### Problem details
Of all the lines below, output only those starting at the one with "Snapshot of trash4cash" and ending at the one with "VTG Alice Caviness", both ends included, exactly as written.

### Material provided
● ● ● ● ●

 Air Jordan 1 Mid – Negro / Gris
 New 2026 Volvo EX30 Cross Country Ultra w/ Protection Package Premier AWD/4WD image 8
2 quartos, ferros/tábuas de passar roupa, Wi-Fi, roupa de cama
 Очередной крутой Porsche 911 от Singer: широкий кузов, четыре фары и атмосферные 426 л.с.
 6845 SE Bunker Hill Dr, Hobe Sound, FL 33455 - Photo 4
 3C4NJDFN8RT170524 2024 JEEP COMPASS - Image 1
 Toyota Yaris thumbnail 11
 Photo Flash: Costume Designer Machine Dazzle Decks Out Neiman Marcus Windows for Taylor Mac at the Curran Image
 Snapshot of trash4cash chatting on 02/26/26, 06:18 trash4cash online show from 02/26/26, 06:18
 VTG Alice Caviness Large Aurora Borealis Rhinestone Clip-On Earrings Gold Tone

● ● ● ● ●

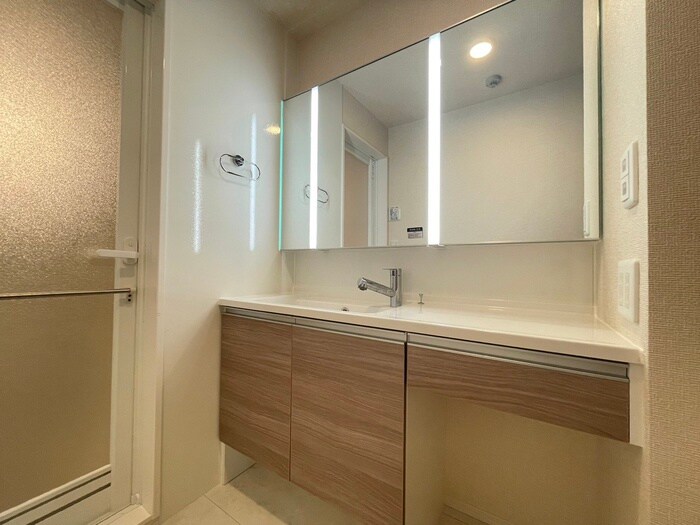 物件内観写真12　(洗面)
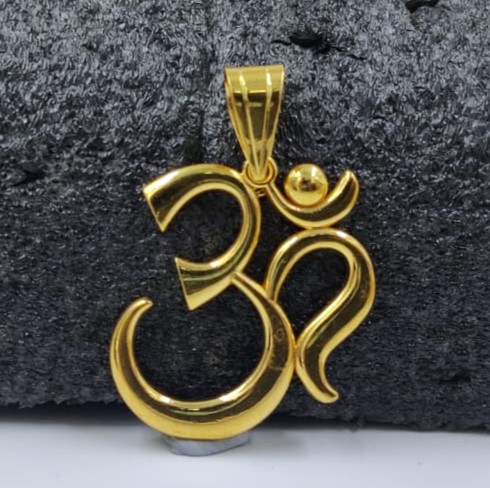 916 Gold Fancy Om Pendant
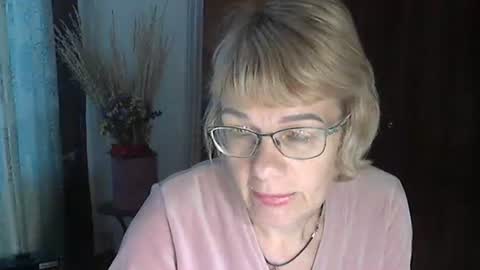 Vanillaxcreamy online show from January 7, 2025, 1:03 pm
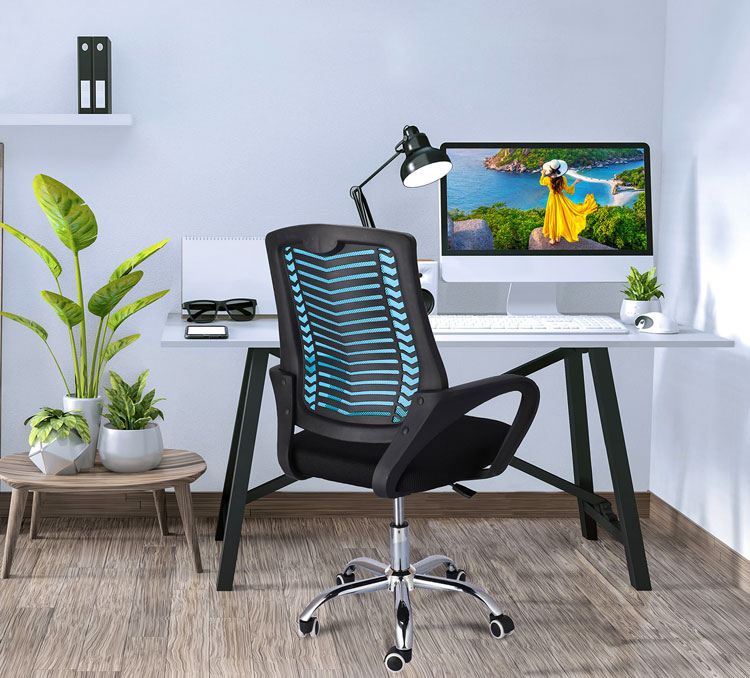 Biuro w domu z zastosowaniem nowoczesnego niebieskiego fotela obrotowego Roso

● ● ● ● ●

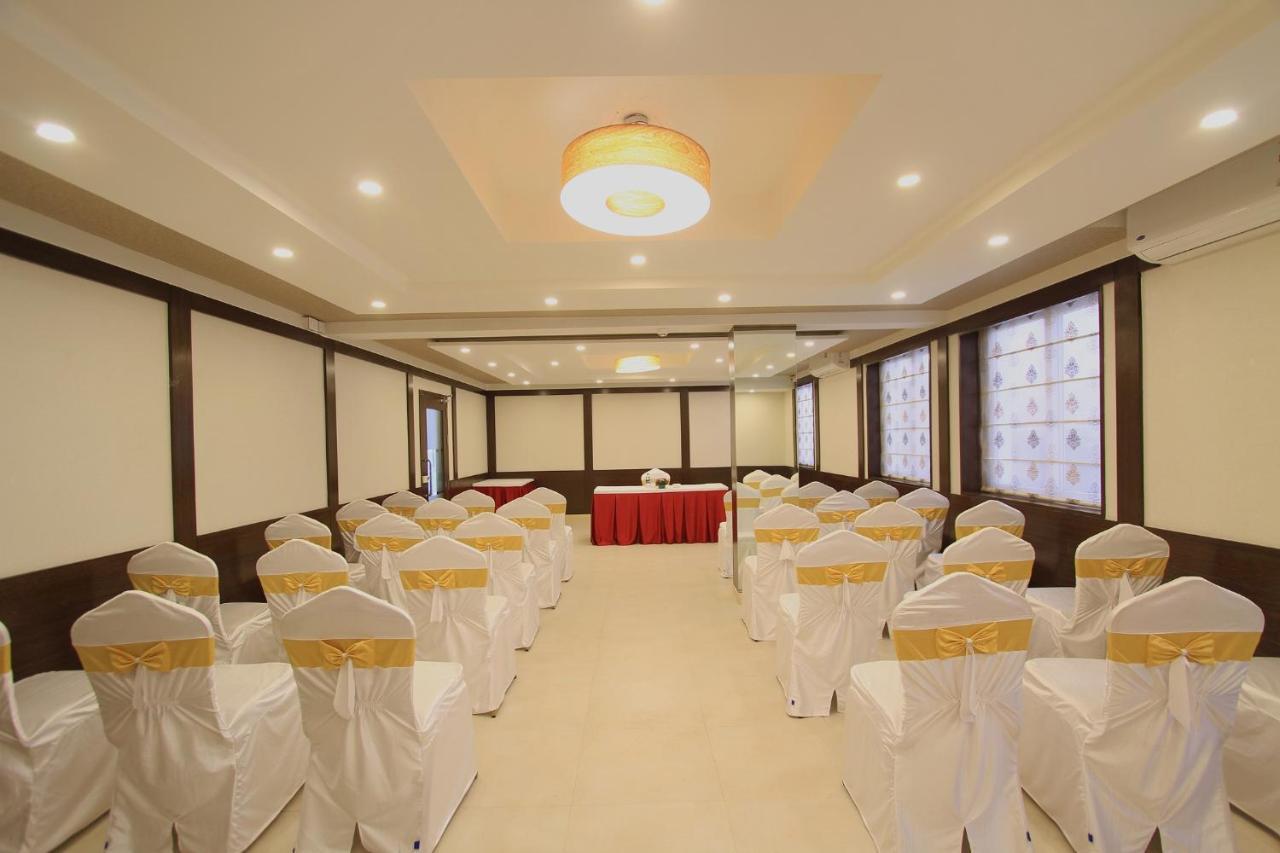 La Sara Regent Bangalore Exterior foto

● ● ● ● ●

### Written answer
 Snapshot of trash4cash chatting on 02/26/26, 06:18 trash4cash online show from 02/26/26, 06:18
 VTG Alice Caviness Large Aurora Borealis Rhinestone Clip-On Earrings Gold Tone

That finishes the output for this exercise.